Image-text web data
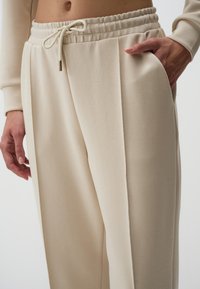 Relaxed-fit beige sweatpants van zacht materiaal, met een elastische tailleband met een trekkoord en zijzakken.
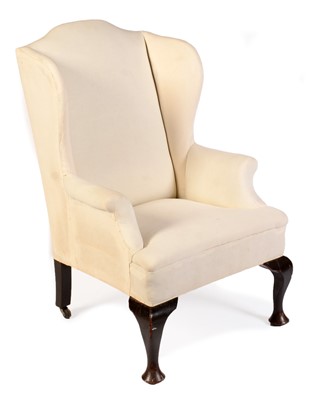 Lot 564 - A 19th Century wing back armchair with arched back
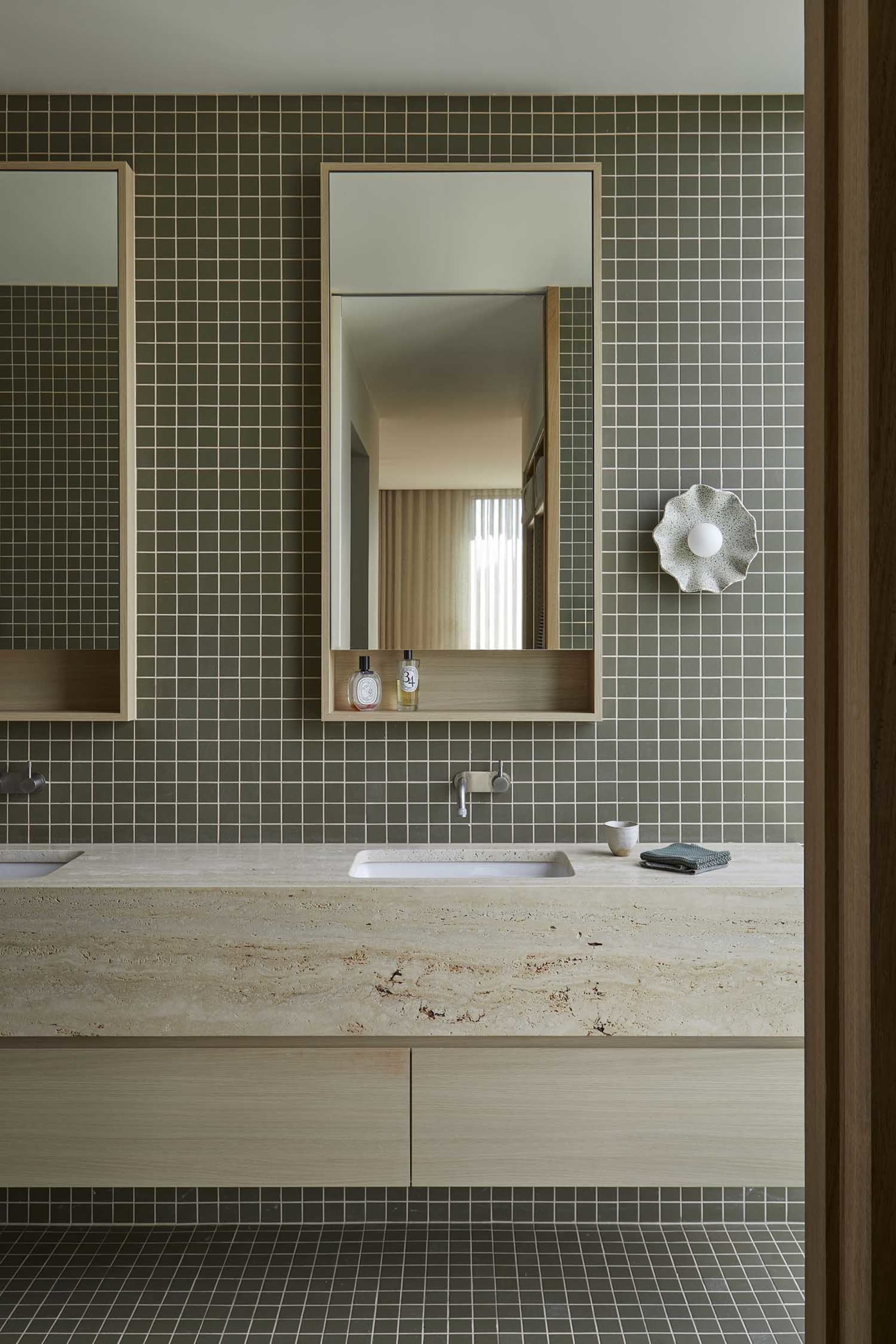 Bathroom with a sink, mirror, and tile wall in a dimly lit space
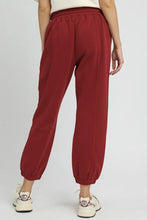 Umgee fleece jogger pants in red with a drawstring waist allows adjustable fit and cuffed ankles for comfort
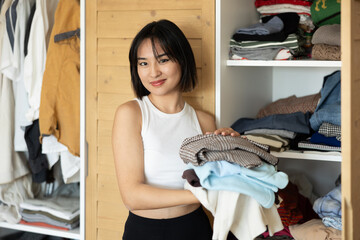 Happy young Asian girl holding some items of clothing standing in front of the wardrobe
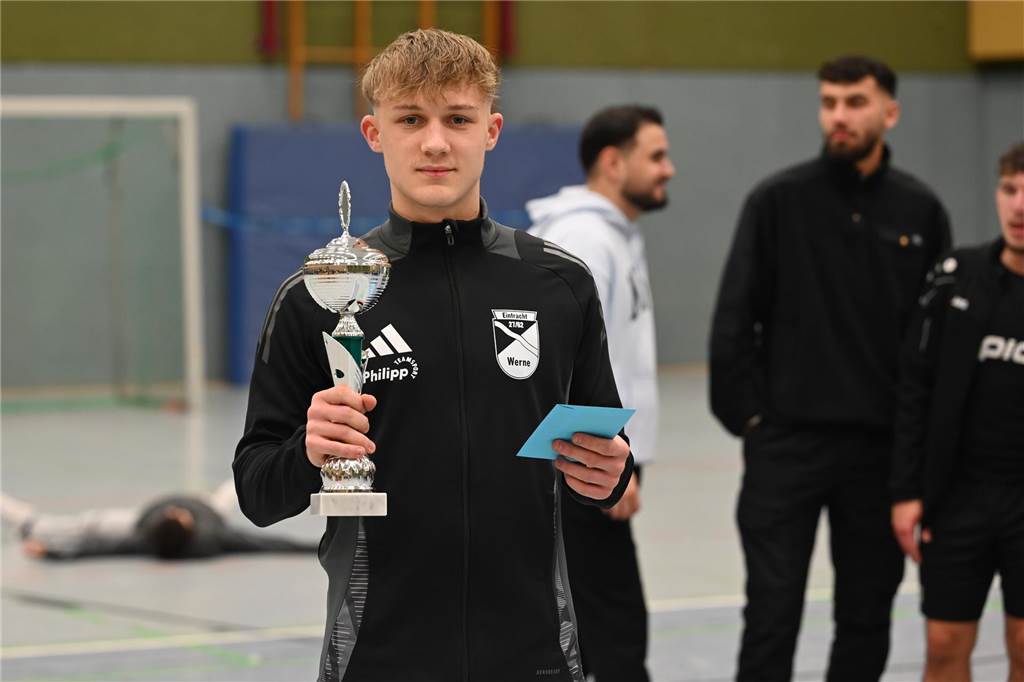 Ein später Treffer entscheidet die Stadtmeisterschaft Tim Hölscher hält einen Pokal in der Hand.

▶ _Exercise description_
Repeat every entry exactly, but leave out the pictures.

▶ _Answer for the task_
 Relaxed-fit beige sweatpants van zacht materiaal, met een elastische tailleband met een trekkoord en zijzakken.
 Lot 564 - A 19th Century wing back armchair with arched back
 Bathroom with a sink, mirror, and tile wall in a dimly lit space
 Umgee fleece jogger pants in red with a drawstring waist allows adjustable fit and cuffed ankles for comfort
 Happy young Asian girl holding some items of clothing standing in front of the wardrobe
 Ein später Treffer entscheidet die Stadtmeisterschaft Tim Hölscher hält einen Pokal in der Hand.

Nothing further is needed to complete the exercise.